[[ DATA, beginning ]]
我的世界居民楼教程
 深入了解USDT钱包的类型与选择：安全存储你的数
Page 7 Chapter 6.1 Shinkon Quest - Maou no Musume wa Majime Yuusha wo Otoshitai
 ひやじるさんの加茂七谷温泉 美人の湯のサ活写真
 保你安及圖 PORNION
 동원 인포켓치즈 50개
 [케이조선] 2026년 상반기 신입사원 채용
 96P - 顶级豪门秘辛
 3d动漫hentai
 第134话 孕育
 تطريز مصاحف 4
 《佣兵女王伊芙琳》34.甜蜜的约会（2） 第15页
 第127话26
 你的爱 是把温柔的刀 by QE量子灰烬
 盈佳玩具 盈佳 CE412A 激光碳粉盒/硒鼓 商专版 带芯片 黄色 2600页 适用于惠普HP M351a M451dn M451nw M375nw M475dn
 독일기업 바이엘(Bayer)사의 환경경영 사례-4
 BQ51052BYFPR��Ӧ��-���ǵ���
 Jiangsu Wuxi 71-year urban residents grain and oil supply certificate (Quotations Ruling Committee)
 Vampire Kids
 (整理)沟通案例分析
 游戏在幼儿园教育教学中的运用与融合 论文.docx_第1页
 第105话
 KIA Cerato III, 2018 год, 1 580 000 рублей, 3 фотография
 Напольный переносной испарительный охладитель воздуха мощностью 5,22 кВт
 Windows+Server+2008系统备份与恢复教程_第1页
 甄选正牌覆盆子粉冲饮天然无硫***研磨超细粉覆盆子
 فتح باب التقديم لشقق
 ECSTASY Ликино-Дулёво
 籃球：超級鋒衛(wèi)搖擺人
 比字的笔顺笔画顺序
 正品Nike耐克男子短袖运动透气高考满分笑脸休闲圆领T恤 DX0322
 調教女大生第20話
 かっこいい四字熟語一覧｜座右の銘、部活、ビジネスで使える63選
[[ DATA, end ]]
The data above is to be given again, with every line exact.

我的世界居民楼教程
 深入了解USDT钱包的类型与选择：安全存储你的数
Page 7 Chapter 6.1 Shinkon Quest - Maou no Musume wa Majime Yuusha wo Otoshitai
 ひやじるさんの加茂七谷温泉 美人の湯のサ活写真
 保你安及圖 PORNION
 동원 인포켓치즈 50개
 [케이조선] 2026년 상반기 신입사원 채용
 96P - 顶级豪门秘辛
 3d动漫hentai
 第134话 孕育
 تطريز مصاحف 4
 《佣兵女王伊芙琳》34.甜蜜的约会（2） 第15页
 第127话26
 你的爱 是把温柔的刀 by QE量子灰烬
 盈佳玩具 盈佳 CE412A 激光碳粉盒/硒鼓 商专版 带芯片 黄色 2600页 适用于惠普HP M351a M451dn M451nw M375nw M475dn
 독일기업 바이엘(Bayer)사의 환경경영 사례-4
 BQ51052BYFPR��Ӧ��-���ǵ���
 Jiangsu Wuxi 71-year urban residents grain and oil supply certificate (Quotations Ruling Committee)
 Vampire Kids
 (整理)沟通案例分析
 游戏在幼儿园教育教学中的运用与融合 论文.docx_第1页
 第105话
 KIA Cerato III, 2018 год, 1 580 000 рублей, 3 фотография
 Напольный переносной испарительный охладитель воздуха мощностью 5,22 кВт
 Windows+Server+2008系统备份与恢复教程_第1页
 甄选正牌覆盆子粉冲饮天然无硫***研磨超细粉覆盆子
 فتح باب التقديم لشقق
 ECSTASY Ликино-Дулёво
 籃球：超級鋒衛(wèi)搖擺人
 比字的笔顺笔画顺序
 正品Nike耐克男子短袖运动透气高考满分笑脸休闲圆领T恤 DX0322
 調教女大生第20話
 かっこいい四字熟語一覧｜座右の銘、部活、ビジネスで使える63選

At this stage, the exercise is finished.